Back in the yellow room he discovered it had also transformed. The change was not nearly as large as the one in the gray room, consisting of a small opening appearing on the wall opposite the gray door that revealed three rows of crystals. Each was about as long as his hand and held a soft, yellow light. They were the perfect size to fit in one of the belt’s slots.

He had twelve slots and so far he’d seen six basic colors over and over again so he took two crystals and slid them into the belt then checked both doorways. As he expected, one led to a green room and the other an orange.

Ten minutes later he had completed a loop through six rooms laid out in a circle. Predictably, each was lit in one of the primary colors on his hex chart and each contained a rack for thirty six crystals, a dozen per row. In most of the rooms at least one crystal was missing, although for some reason all the purple ones had been in place. That didn’t stop him from taking two of those along with all the other colors.

The other features of the rooms were a bit more interesting. The green room contained a huge lattice frame of some kind with a scattering of dirt or dust around it. The blue was cold and contained a set of frozen pipes. A strange set of transparent walls divided the purple room into a series of half circular passages that forced him to walk back and forth a great deal. A pool of hot, nearly boiling water sat in the center of the red room. Finally the orange room had a set of interlocking rings spinning quickly in the center of them.

Unfortunately, while Trick could see some basic themes that tied the colors and the contents together he had no idea what they meant or how he should interact with them. The only thing he was sure of was that none of it seemed dangerous or useful. However there was a third door out of the purple room, just as with the yellow, and it led into a brightly lit room with highly reflective, polished surfaces.

Once he was satisfied that there was nothing to see in the color rooms he doubled back to it. As he threaded his way through the purple maze he started to hear something odd, like a repetitive beeping noise. It wasn’t until he got to the doorway that he realized it was a voice. It muttered to itself over and over again in a quiet but sharp tone.

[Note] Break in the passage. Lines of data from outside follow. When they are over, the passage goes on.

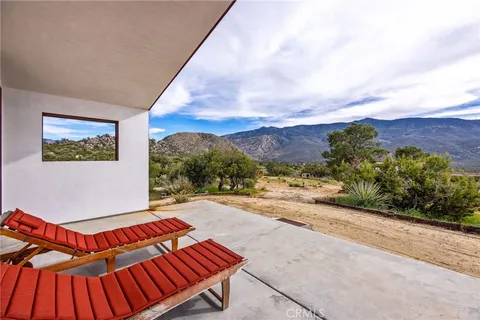 a view of a backyard with furniture and a grill
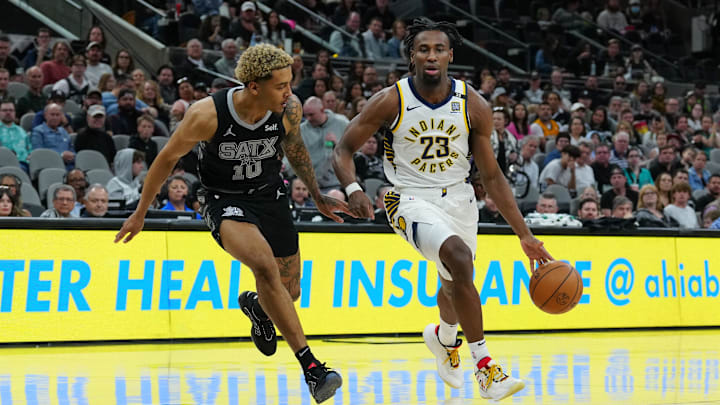 Mar 3, 2024; San Antonio, Texas, USA;  Indiana Pacers forward Aaron Nesmith (23) dribbles against San Antonio Spurs forward Jeremy Sochan (10) in the first half at Frost Bank Center. Mandatory Credit: Daniel Dunn-Imagn Images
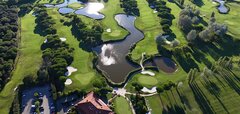 Zelené golfové hřiště s několika stromy a mlhou v pozadí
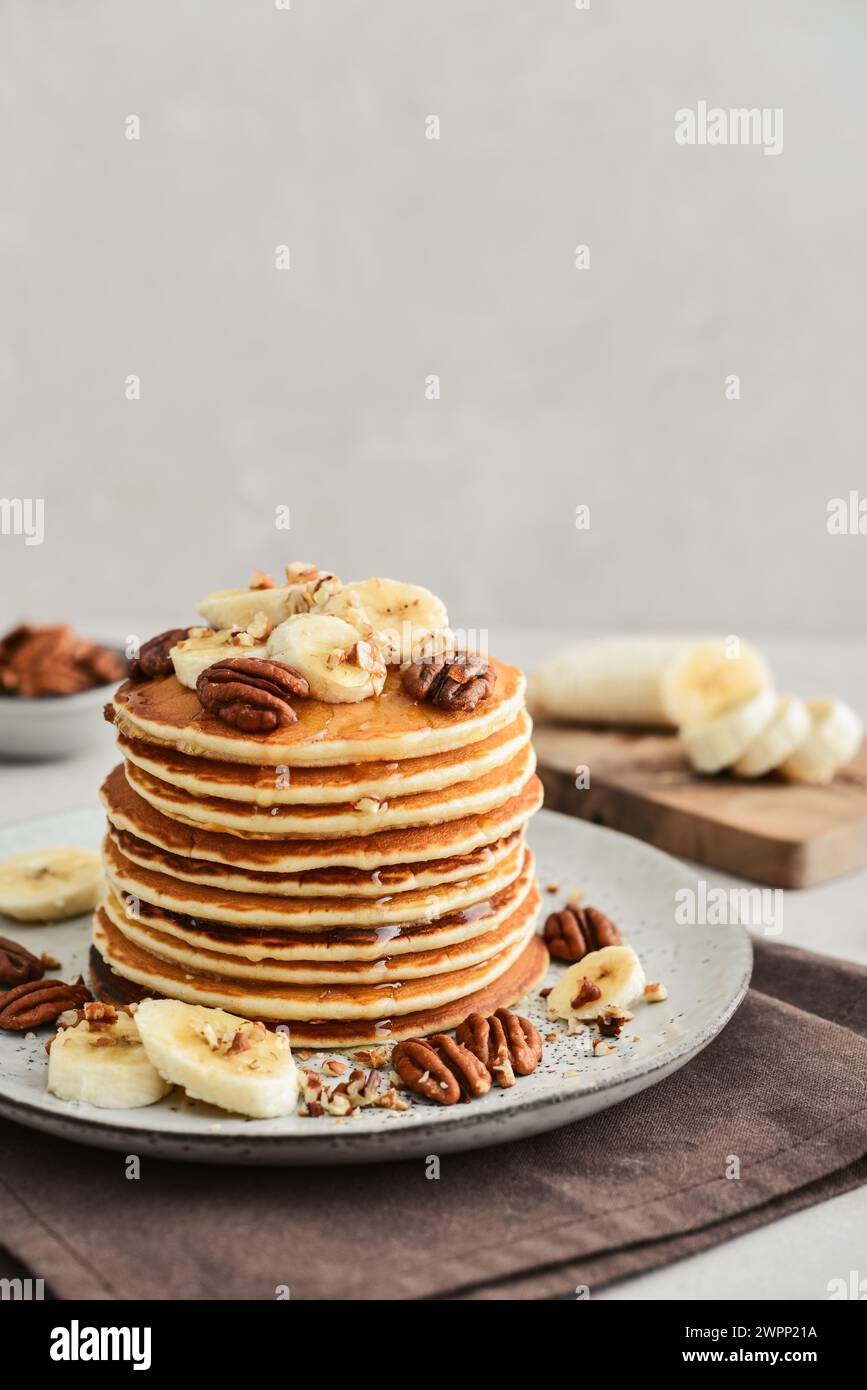 Teller mit Ahorn-Pekannkuchen mit frischen Bananen und Kaffee im Hintergrund. Stockfoto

Suddenly on guard, Trick approached the door with slow, soft steps and carefully peered around the edge.

There was no one inside. This room wasn’t like the previous six in more ways than just the coloring. There was a set of four raised podiums on the outside of a raised dais in the center of the room projecting a set of holograms in the air. One was showing images of the inside of the color rooms. The images rotated from one room to the next at predictable intervals. Another podium clearly projected a set of status reports complete with charts, diagrams and words written in an alphabet he couldn’t read.

The last two holograms showed the outdoors. The problem was Trick couldn’t tell what kind of outdoors he was looking at. Definitely not the parking lot of the Escape House or any of the Midwest farmland around the stripmall where it was located. Although, in fairness, one of the views was clearly pointed up towards the night sky.

The voice sounded like it was coming from the dais. More importantly, as Trick stared at the holograms and wondered if he should try to get a closer look at them, he realized he could understand it. “Attention, attention,” it said. “Starsight incoming. Prepare for combat.”